* _Task to carry out_: Working from the records below, repeat exactly the lines starting at the line that contains "Now we'll see" and ending at the line that contains "So let's do", inclusive.

►

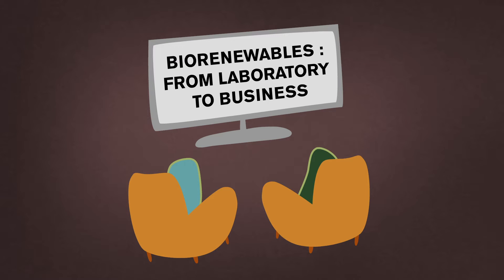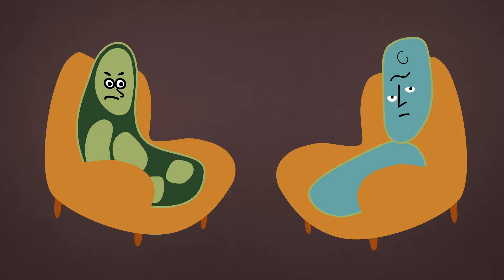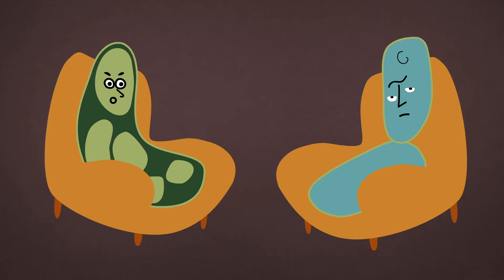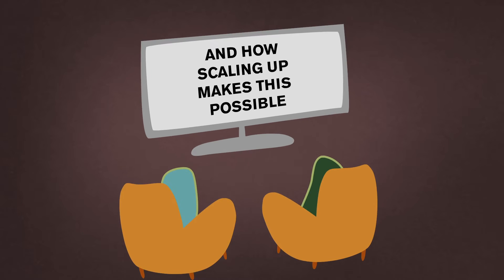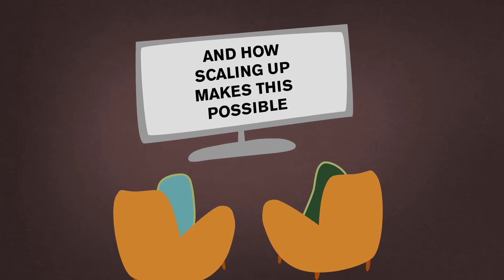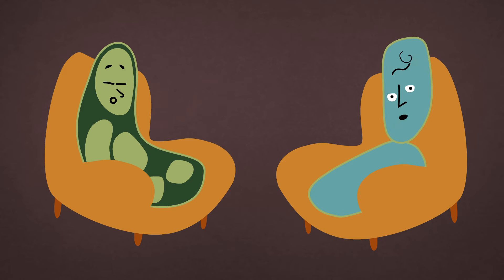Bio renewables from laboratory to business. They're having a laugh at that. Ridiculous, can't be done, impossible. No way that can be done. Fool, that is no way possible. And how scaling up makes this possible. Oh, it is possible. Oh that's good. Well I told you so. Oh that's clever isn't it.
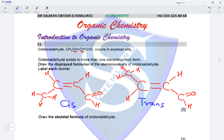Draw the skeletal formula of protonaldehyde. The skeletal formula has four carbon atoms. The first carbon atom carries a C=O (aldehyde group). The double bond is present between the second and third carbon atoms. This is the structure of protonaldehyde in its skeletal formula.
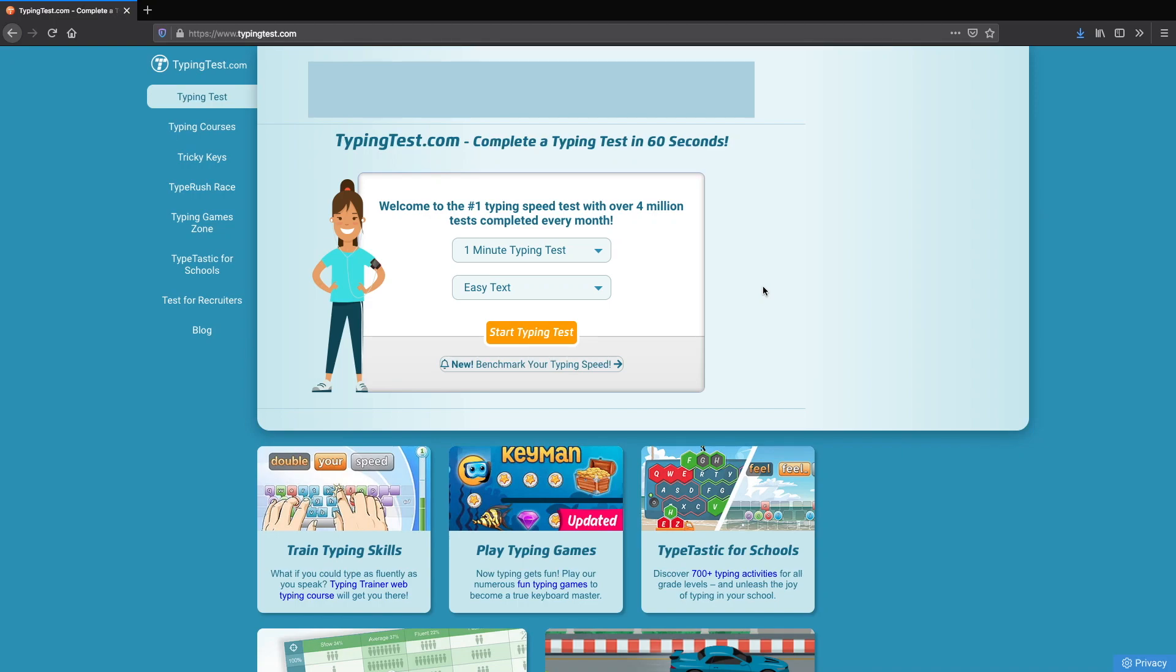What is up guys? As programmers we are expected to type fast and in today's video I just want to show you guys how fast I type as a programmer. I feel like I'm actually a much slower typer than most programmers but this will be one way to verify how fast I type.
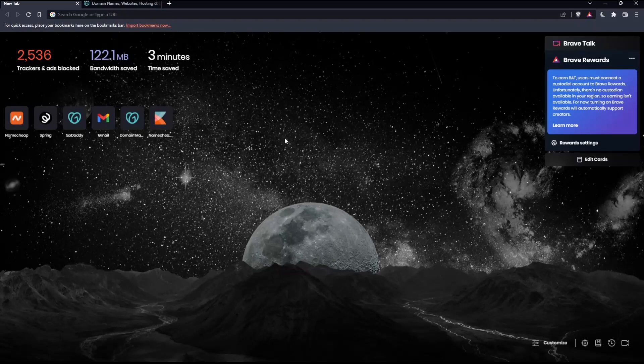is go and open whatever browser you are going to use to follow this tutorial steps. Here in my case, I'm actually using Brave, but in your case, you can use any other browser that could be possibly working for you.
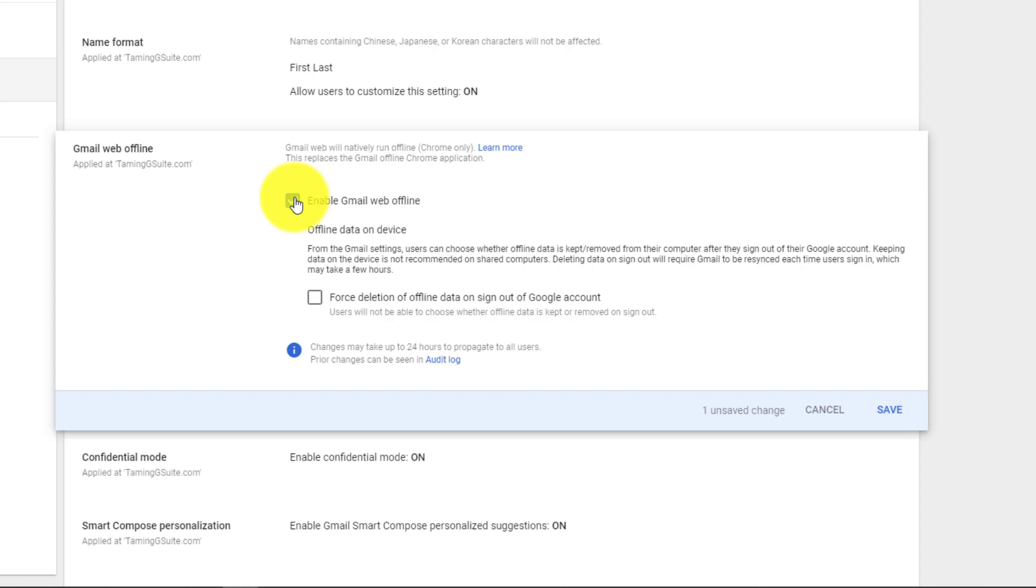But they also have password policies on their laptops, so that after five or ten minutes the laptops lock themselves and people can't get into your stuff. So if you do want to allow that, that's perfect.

◄
►

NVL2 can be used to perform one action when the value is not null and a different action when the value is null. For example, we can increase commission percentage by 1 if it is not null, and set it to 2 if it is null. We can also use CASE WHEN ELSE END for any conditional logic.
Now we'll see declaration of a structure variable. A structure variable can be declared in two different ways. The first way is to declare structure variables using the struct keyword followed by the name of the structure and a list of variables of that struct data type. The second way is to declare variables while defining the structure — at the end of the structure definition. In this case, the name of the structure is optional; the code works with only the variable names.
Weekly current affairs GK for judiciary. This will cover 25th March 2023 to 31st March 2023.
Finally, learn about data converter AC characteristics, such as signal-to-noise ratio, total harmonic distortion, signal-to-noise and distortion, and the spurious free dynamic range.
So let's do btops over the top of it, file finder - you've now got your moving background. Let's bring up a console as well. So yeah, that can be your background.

◄

* _Completed task_:
Now we'll see declaration of a structure variable. A structure variable can be declared in two different ways. The first way is to declare structure variables using the struct keyword followed by the name of the structure and a list of variables of that struct data type. The second way is to declare variables while defining the structure — at the end of the structure definition. In this case, the name of the structure is optional; the code works with only the variable names.
Weekly current affairs GK for judiciary. This will cover 25th March 2023 to 31st March 2023.
Finally, learn about data converter AC characteristics, such as signal-to-noise ratio, total harmonic distortion, signal-to-noise and distortion, and the spurious free dynamic range.
So let's do btops over the top of it, file finder - you've now got your moving background. Let's bring up a console as well. So yeah, that can be your background.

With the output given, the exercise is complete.